### Data provided:
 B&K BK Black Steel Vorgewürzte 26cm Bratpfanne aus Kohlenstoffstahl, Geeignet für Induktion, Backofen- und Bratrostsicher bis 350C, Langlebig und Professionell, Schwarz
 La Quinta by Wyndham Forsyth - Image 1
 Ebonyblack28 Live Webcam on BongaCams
--
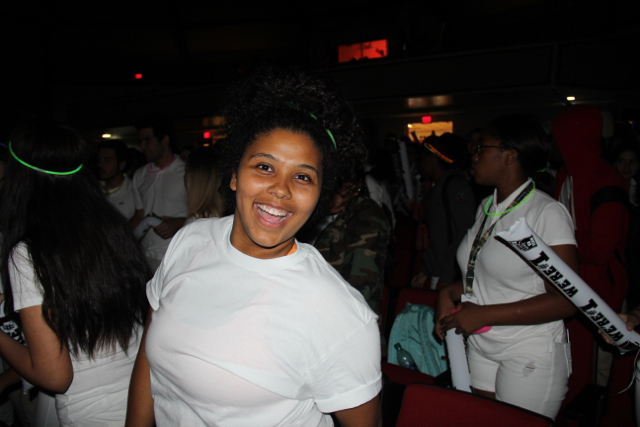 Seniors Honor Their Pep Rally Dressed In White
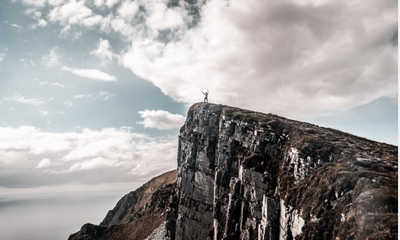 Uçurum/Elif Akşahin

### Work instructions:
Write out, word for word, the stretch of entries that begins at the line with "Seniors Honor Their" and ends at the line with "Uçurum/Elif Akşahin". Pictures do not belong in it.

### Answer space:
 Seniors Honor Their Pep Rally Dressed In White
 Uçurum/Elif Akşahin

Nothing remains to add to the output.